TASK DIRECTIONS »
Once the line containing "Hyundai Tucson 2008 Beige for sale-1" is reached, copy it and every line after it exactly, to the end of the material, without pictures.

- - - - - - -

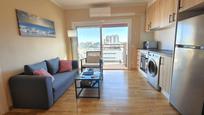 Sala d'estar de Apartament en venda en Castell-Platja d'Aro amb Aire condicionat, Calefacció i Terrassa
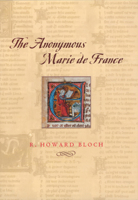 The Anonymous Marie de France 0226059847 Book Cover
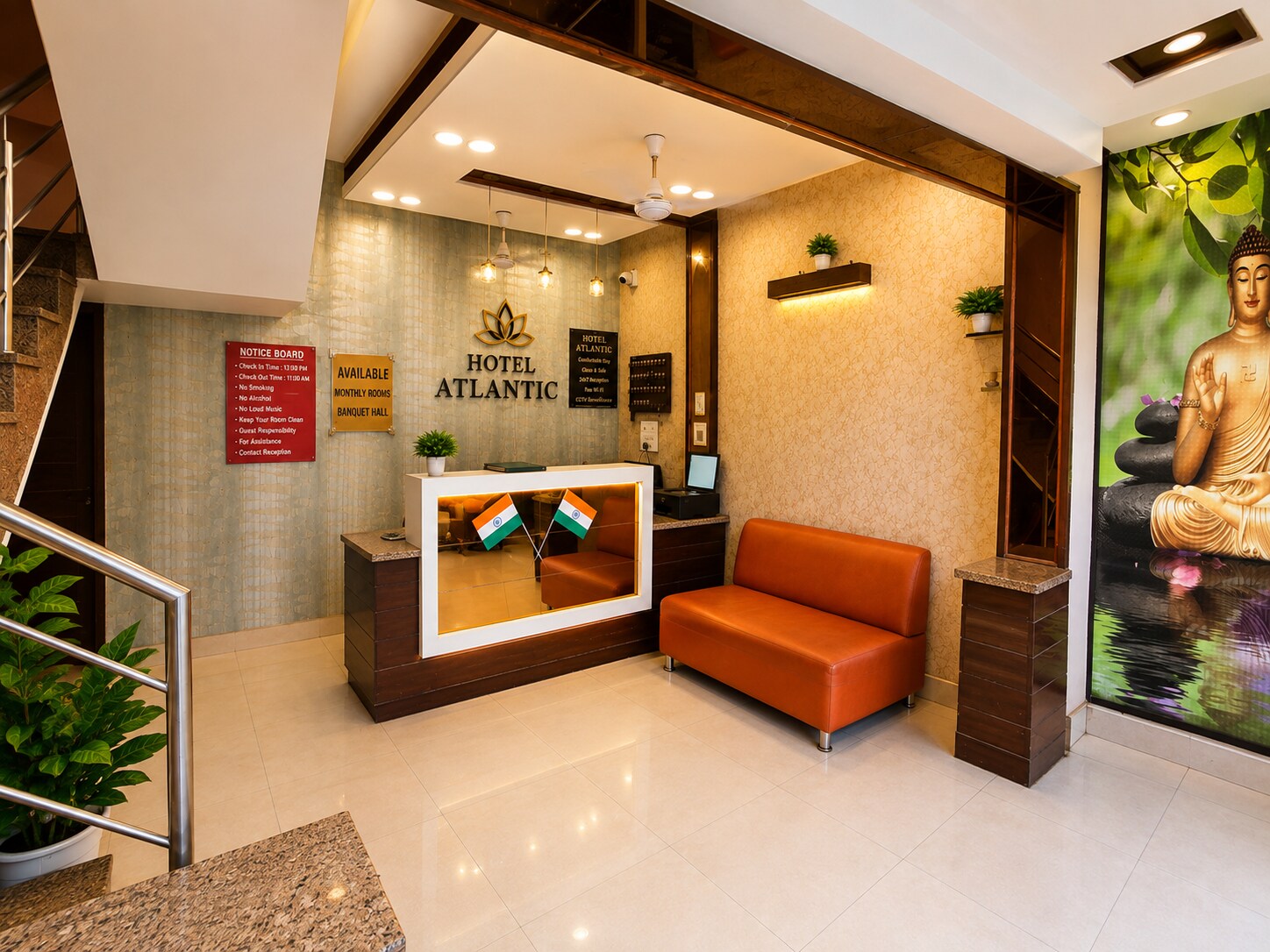 Main gallery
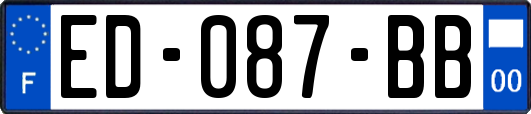 ED-087-BB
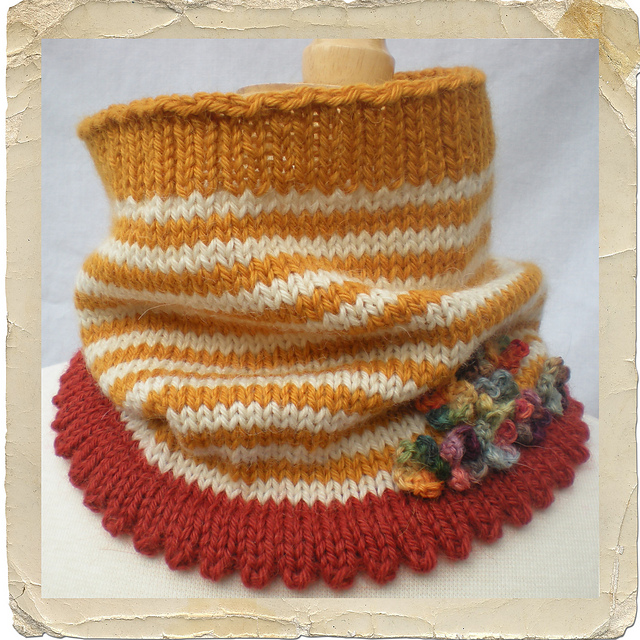 Snow Buddies Cowl
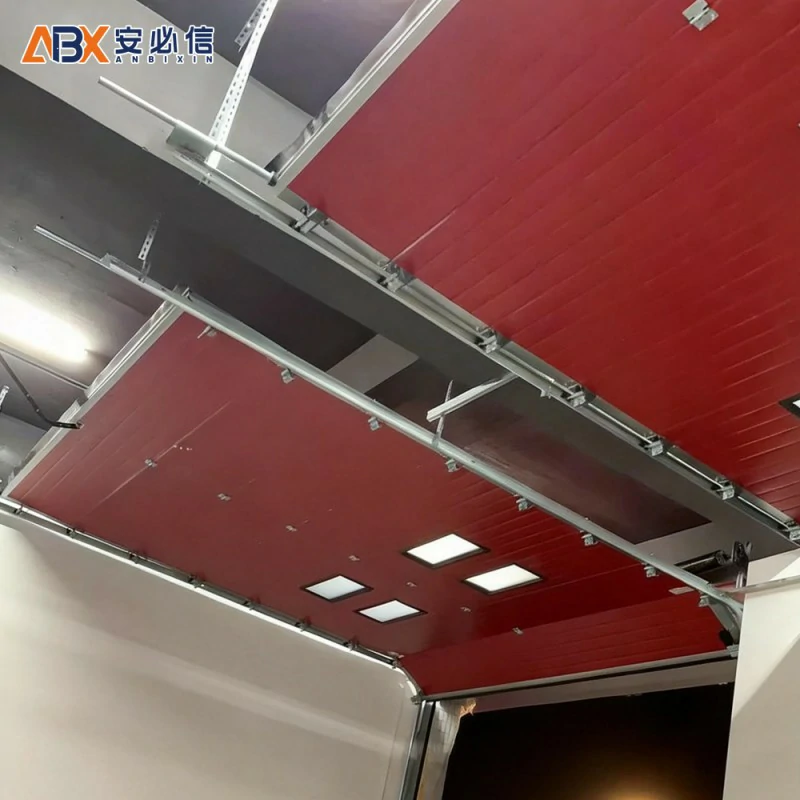 新乡市消防提升门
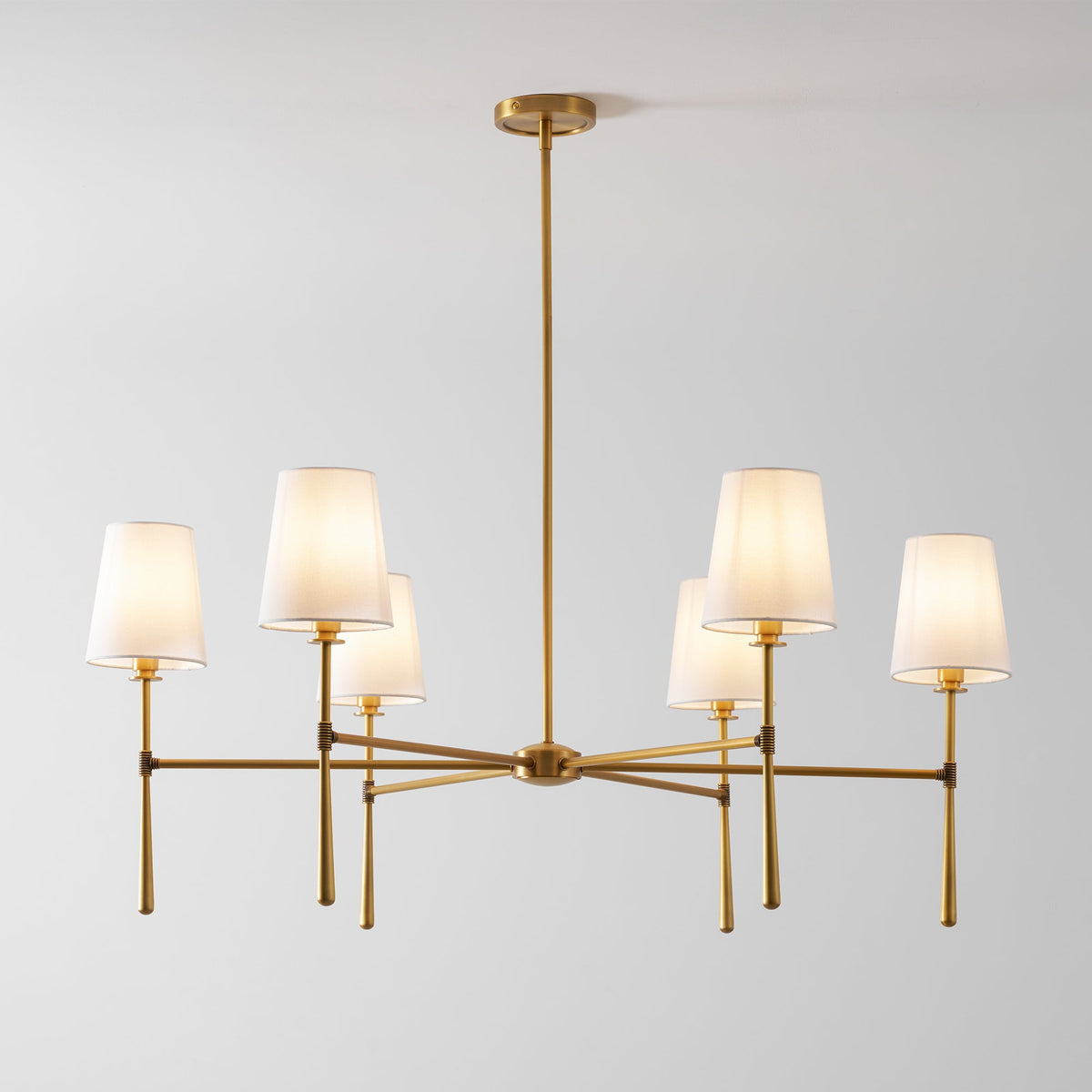 Belcourt Round Chandelier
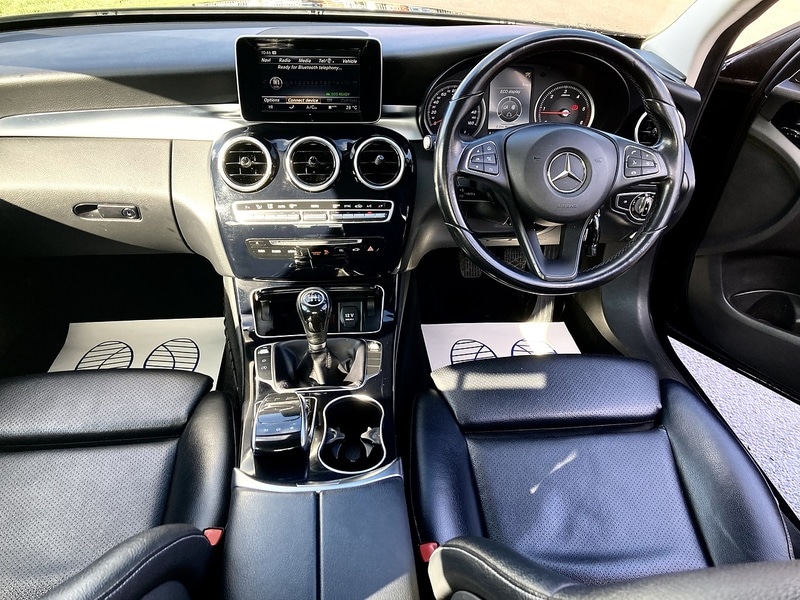 Used Mercedes-Benz C Class 2017 for sale - 77605182: Photo 16
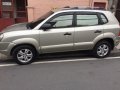 Hyundai Tucson 2008 Beige for sale-1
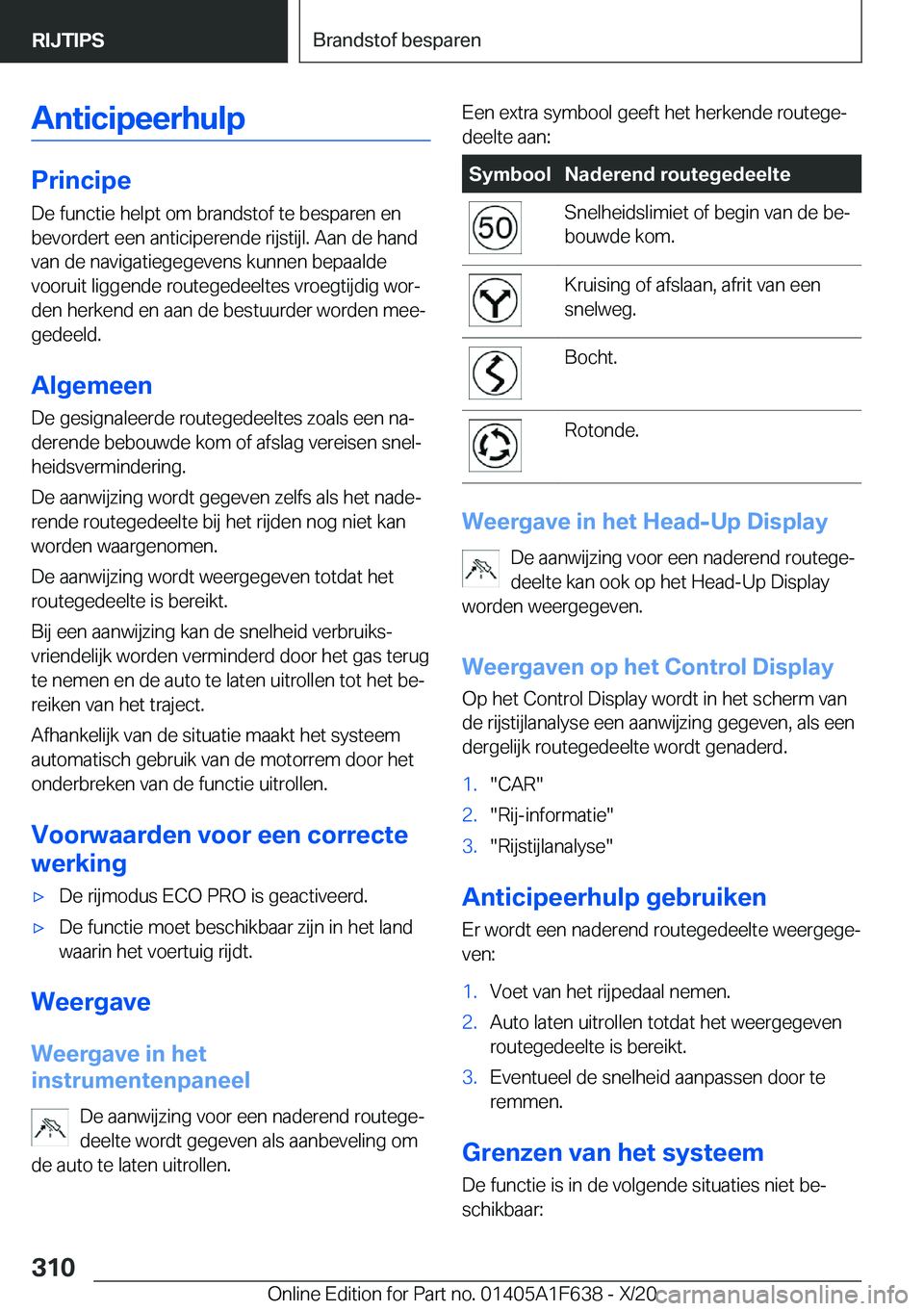 BMW X4 2021  Instructieboekjes (in Dutch) �A�n�t�i�c�i�p�e�e�r�h�u�l�p
�P�r�i�n�c�i�p�e�D�e��f�u�n�c�t�i�e��h�e�l�p�t��o�m��b�r�a�n�d�s�t�o�f��t�e��b�e�s�p�a�r�e�n��e�n�b�e�v�o�r�d�e�r�t��e�e�n��a�n�t�i�c�i�p�e�r�e�n�d�e��r�i�j�s�t�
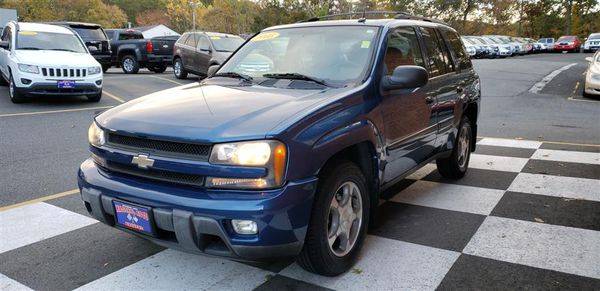 2005 Chevrolet Chevy TrailBlazer 4dr 4WD LT (TOP RATED DEALER AWARD... for sale in Waterbury, CT – photo 4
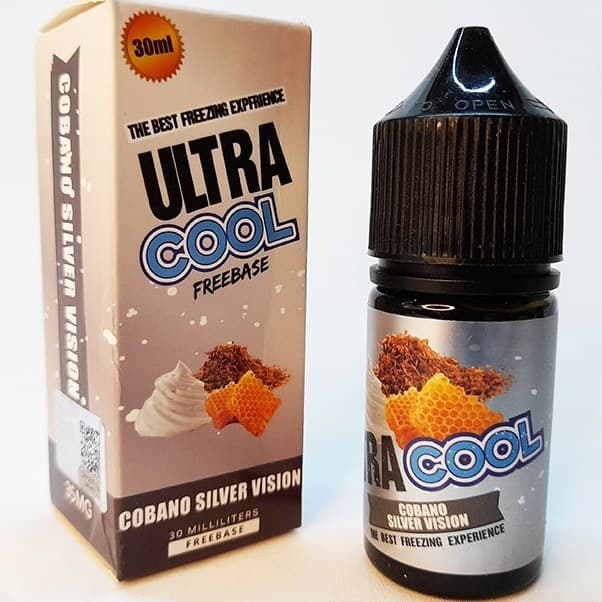سالت 30 میل اولترا کول Ultracool 30 ml
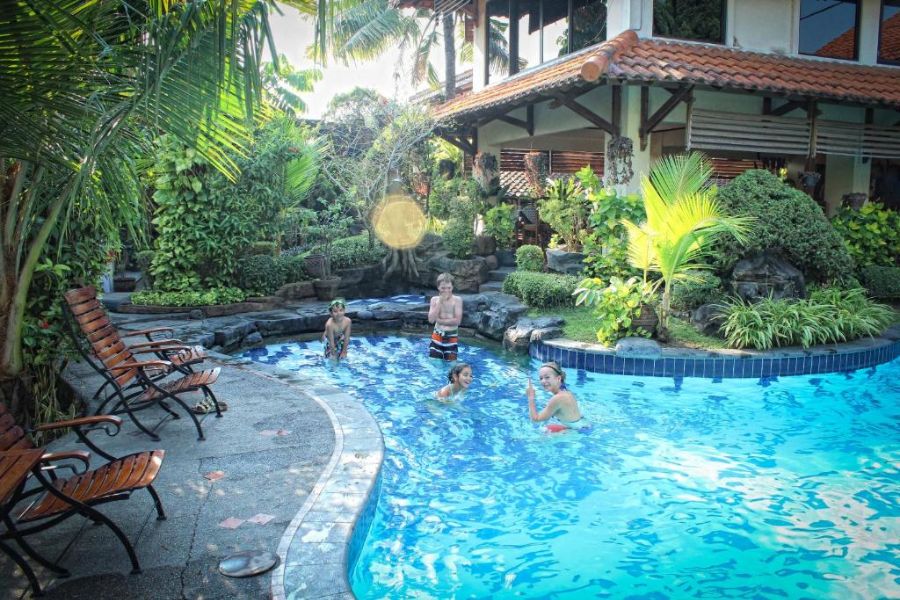indonesie yogyakarta duta garden hotel 454
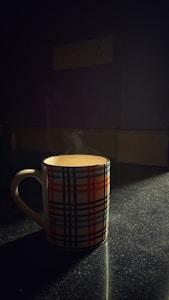 Mountain Morning Mug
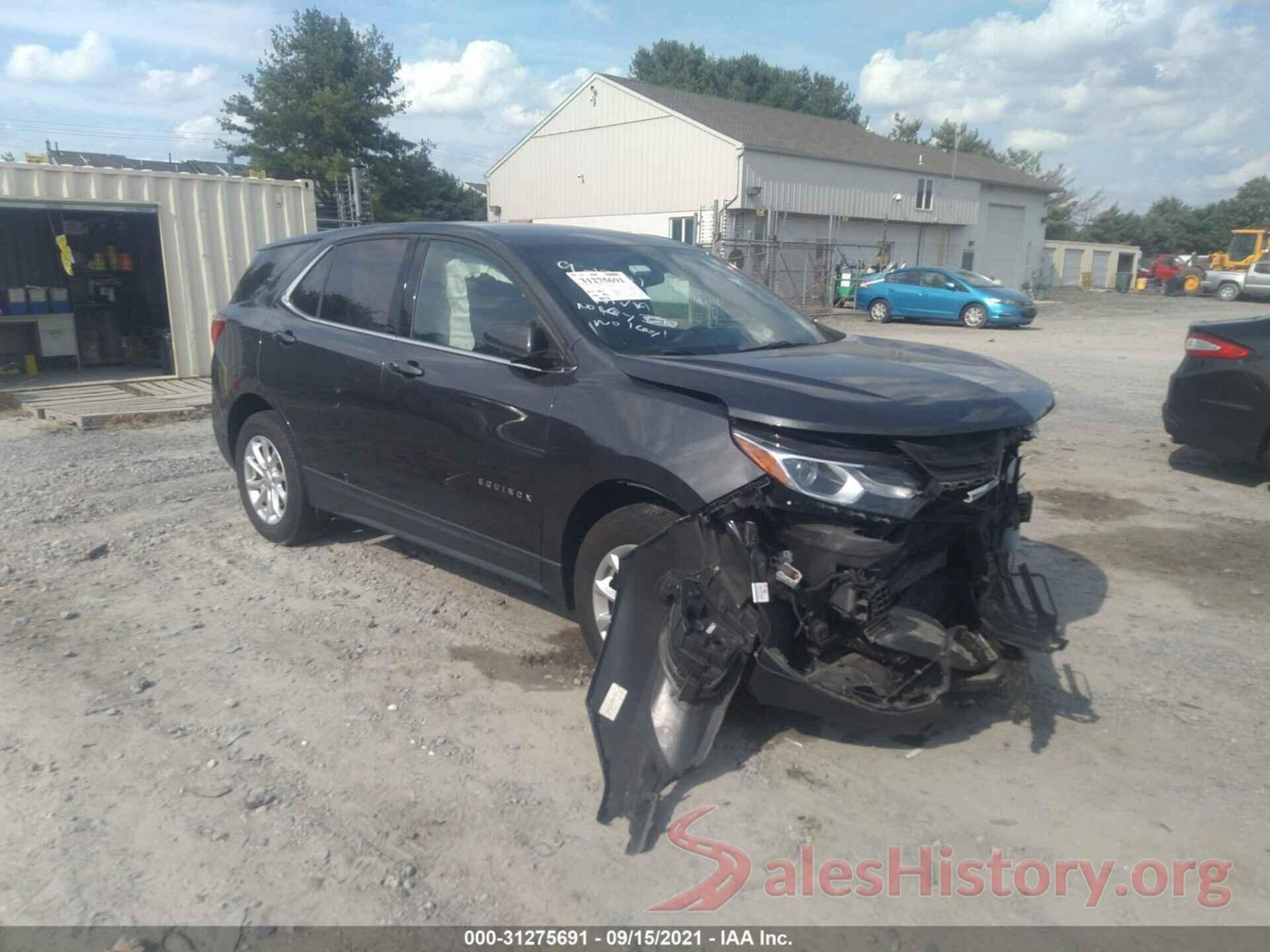 2GNAXKEV8K6193306 2019 CHEVROLET EQUINOX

- - - - - - -

OUTPUT OF THE EXERCISE »
 Hyundai Tucson 2008 Beige for sale-1
 BMW X4 2021  Instructieboekjes (in Dutch) �A�n�t�i�c�i�p�e�e�r�h�u�l�p
�P�r�i�n�c�i�p�e�D�e��f�u�n�c�t�i�e��h�e�l�p�t��o�m��b�r�a�n�d�s�t�o�f��t�e��b�e�s�p�a�r�e�n��e�n�b�e�v�o�r�d�e�r�t��e�e�n��a�n�t�i�c�i�p�e�r�e�n�d�e��r�i�j�s�t�
 2005 Chevrolet Chevy TrailBlazer 4dr 4WD LT (TOP RATED DEALER AWARD... for sale in Waterbury, CT – photo 4
سالت 30 میل اولترا کول Ultracool 30 ml
indonesie yogyakarta duta garden hotel 454
 Mountain Morning Mug
 2GNAXKEV8K6193306 2019 CHEVROLET EQUINOX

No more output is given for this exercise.